020 7242 4986 or  0333 240 0591 London  |  Birmingham  |  Cardiff
News

To be a designated heritage asset, or not to be a designated heritage asset, that is the question

What is the proper approach to a non-designated heritage asset ("NDHA") located in a Conservation Area? That was the issue in Dorothy Bohm v SSCLG [2017] EWHC 3217 (Admin), a challenge to an Inspector's decision to grant planning permission for the demolition and rebuilding of a dwelling house in the Hampstead Conservation Area in London.

Although not a listed building, the existing dwelling (which would be lost in its entirety) made a positive contribution to the Conservation Area and was identified to be a NDHA in its own right (being of local architectural interest). The question arose as to how s. 72 of the Planning (Listed Buildings and Conservation Areas) Act 1990 and paragraphs 132-135 of the NPPF applied to the application.

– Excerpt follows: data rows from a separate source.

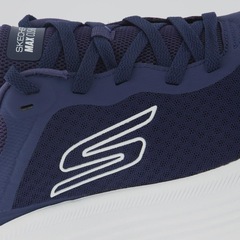 Tênis Masculino Skechers Max Cushioning Endeavour - Foto 7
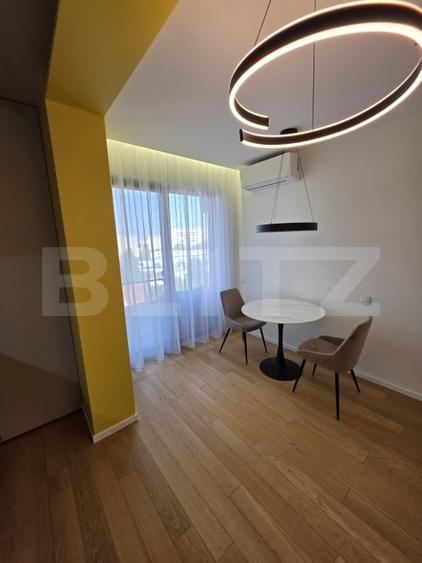 Apartament 2 camere, 57 mp, zona Gheorgheni - 3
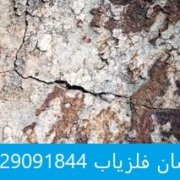 index فرسایش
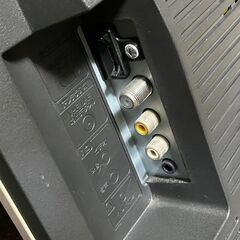 オリオン製16インチ液晶テレビの画像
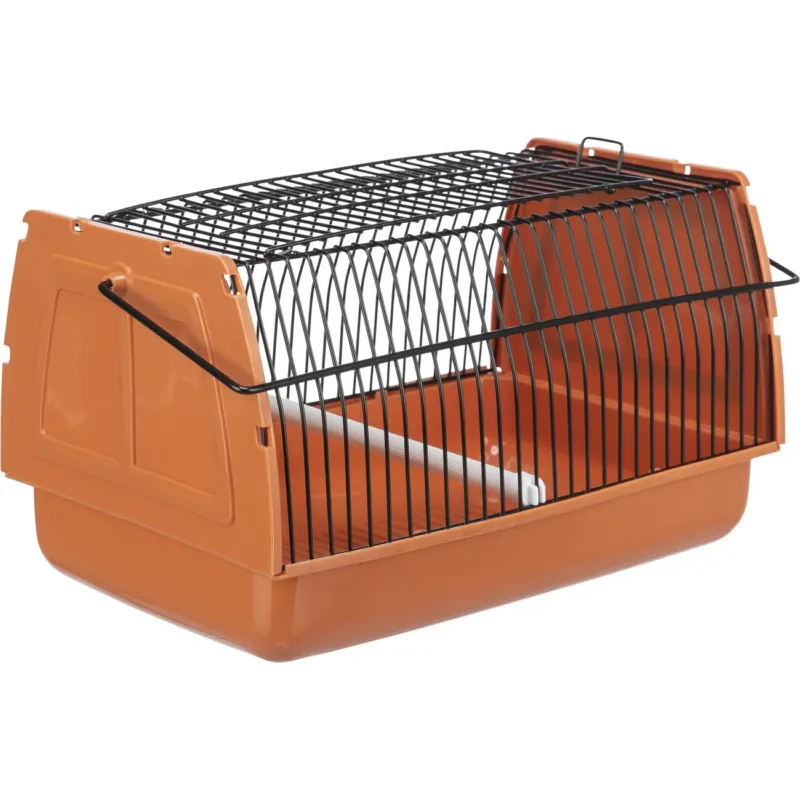 Vogeltransportbox und Kleintiertransportbox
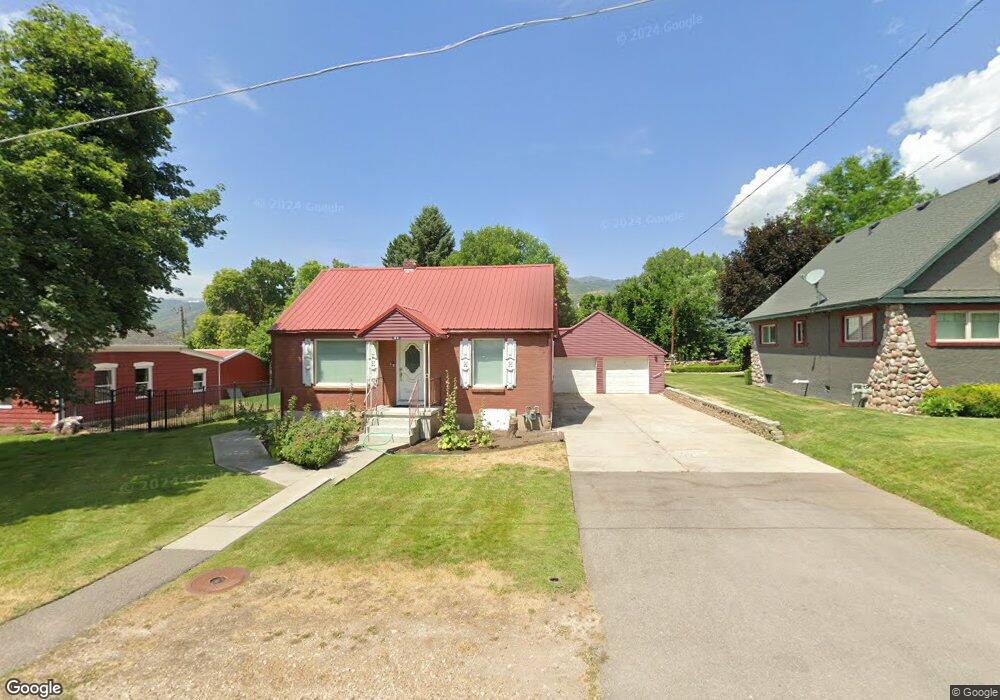 64 S 100 W, Midway, UT 84049 - photo 1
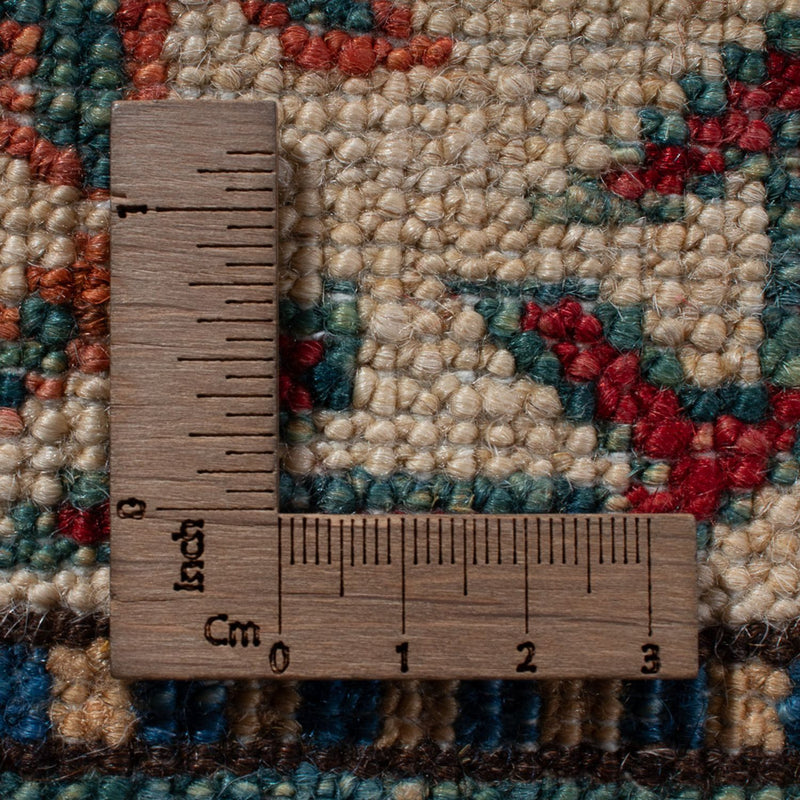 Kazak Teppe 269x368cm - Orientalsk teppe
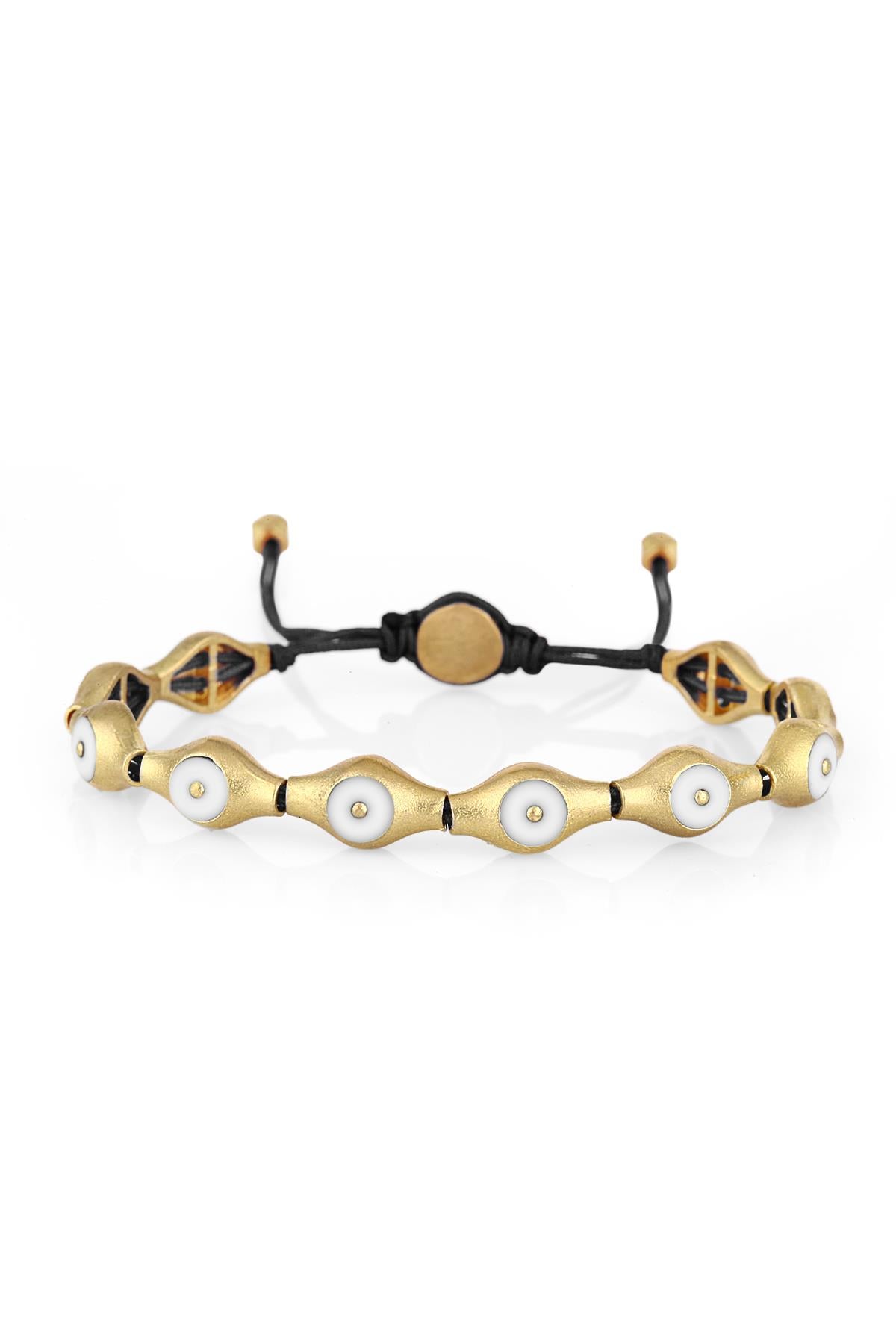 White Eye Bileklik BLEYE007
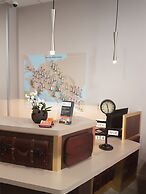 Hôtel Victoria Lyon Perrache Confluence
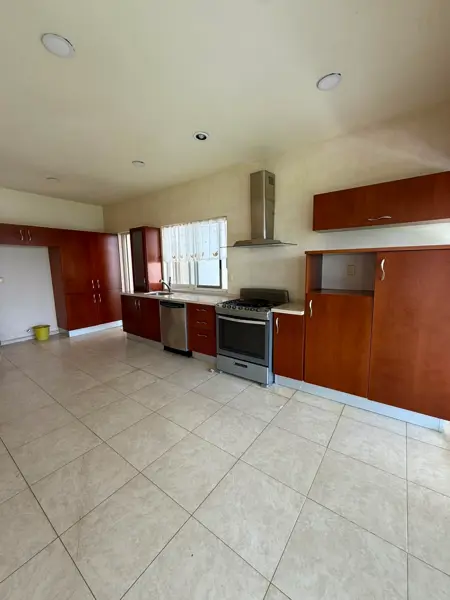 Casa en venta en Balcones del Campestre, León — foto 3 de 6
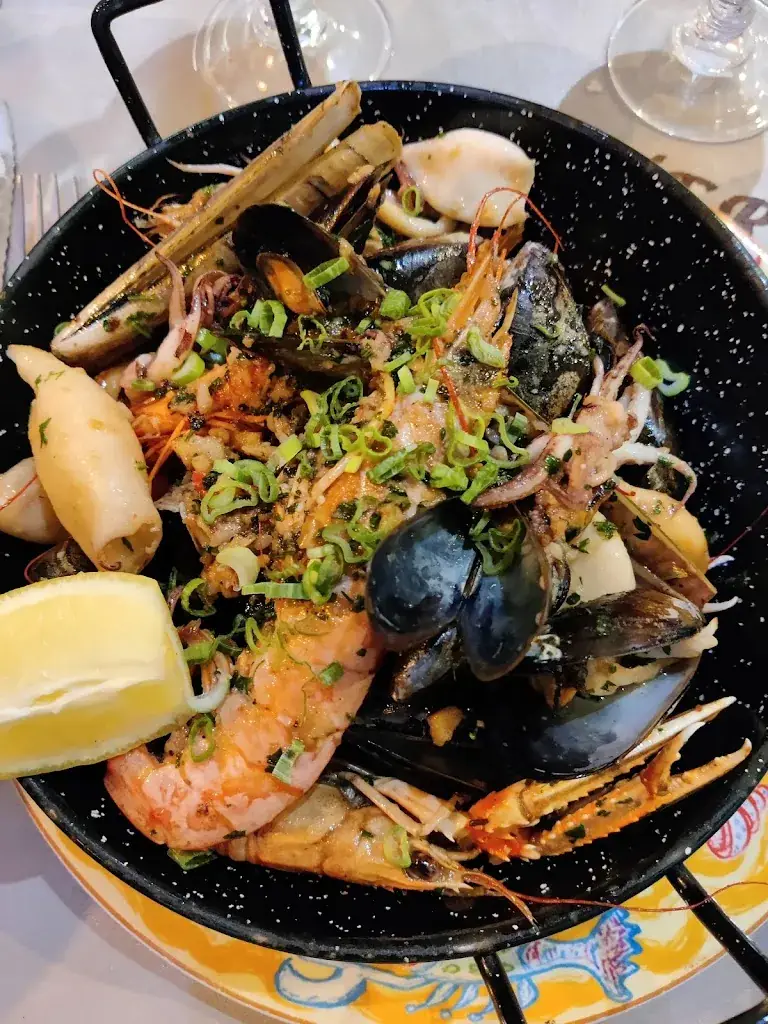 Menu_La Pêcherie SARL_Saint-Cyprien_image_5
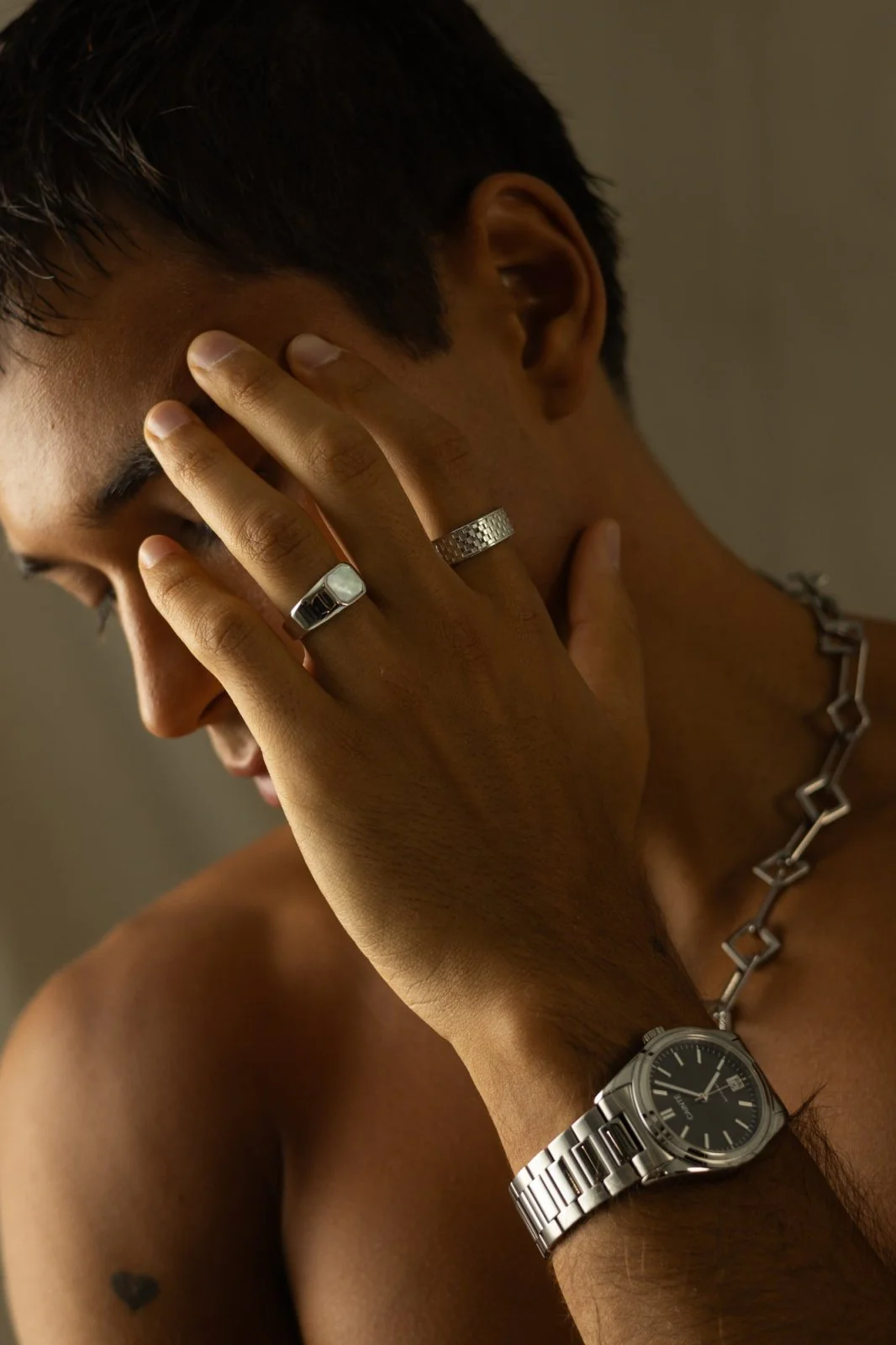 HERITAGE RING - Image 2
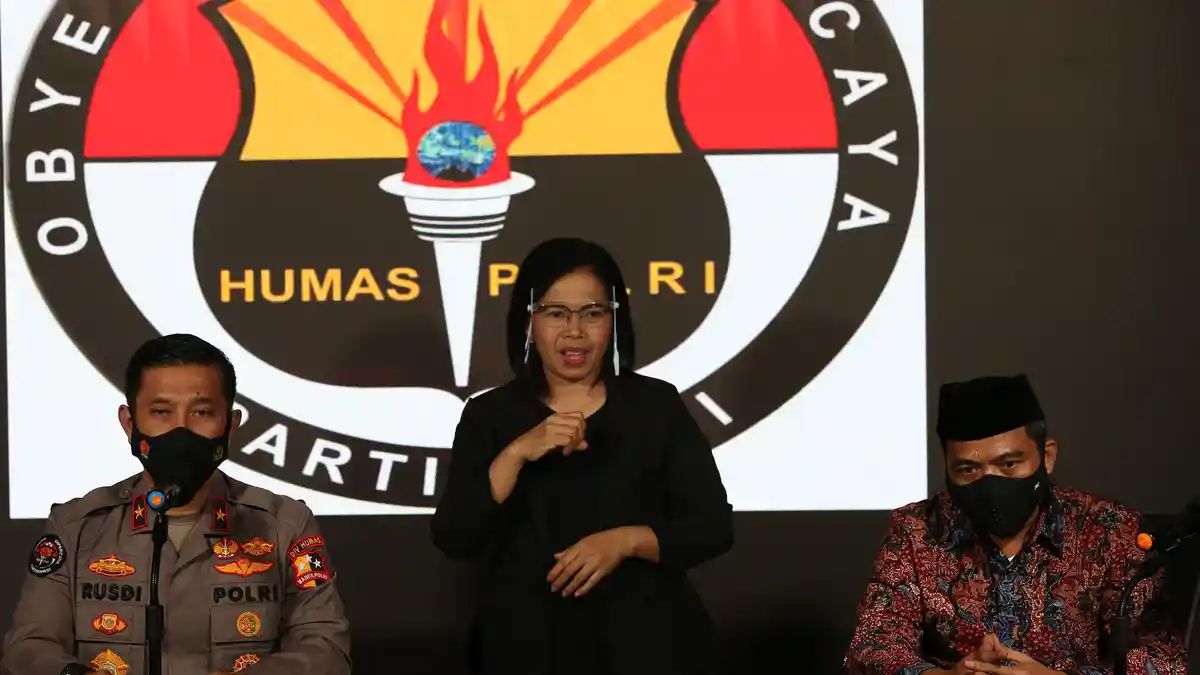 Penangkapan An Najah, Momentum Koreksi bagi MUI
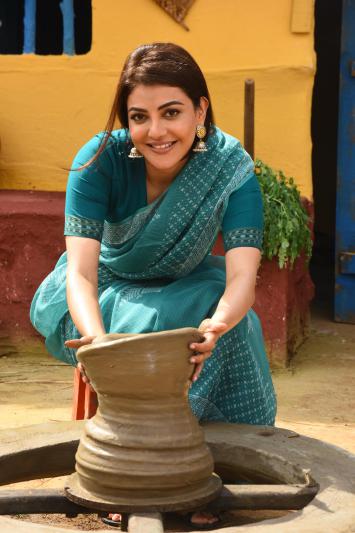Ghosty Movie Stills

So far as the impact on the Conservation Area was concerned, the Court held that even though the existing building made a positive contribution to it and would be completely lost, this did not mean that the Conservation Area would inevitably be harmed, as suggested by the Claimant. The Inspector was required to make a judgment based on the entire proposal before her, not just the loss of the existing building. As the replacement dwelling would, in the Inspector's judgment, be of an acceptable design which would preserve the character of the Conservation Area, no harm to the Conservation Area would arise (and thus the strong statutory presumption against development causing harm to a Conservation Area was of no consequence for the application).

As for the fact that the existing building was itself a NDHA, the Inspector was obliged to apply the policy test in paragraph 135 of the NPPF. Unlike paragraphs 132-134 in relation to designated heritage assets, which are concerned solely with the effect of the application on the asset itself, paragraph 135 calls for the weighing of the application as a whole (including what would replace the NDHA). Further, unlike paragraphs 132-134, which impose a presumption against the grant of permission which would cause harm to a heritage asset, paragraph 135 merely requires a balanced judgement to be made by the decision maker. Unlike paragraphs 132-134, paragraph 135 does not seek to prescribe how that balance should be undertaken, or what weight should be given to any particular matter. The Court held that the Inspector had not fallen into error in her approach to paragraph 135.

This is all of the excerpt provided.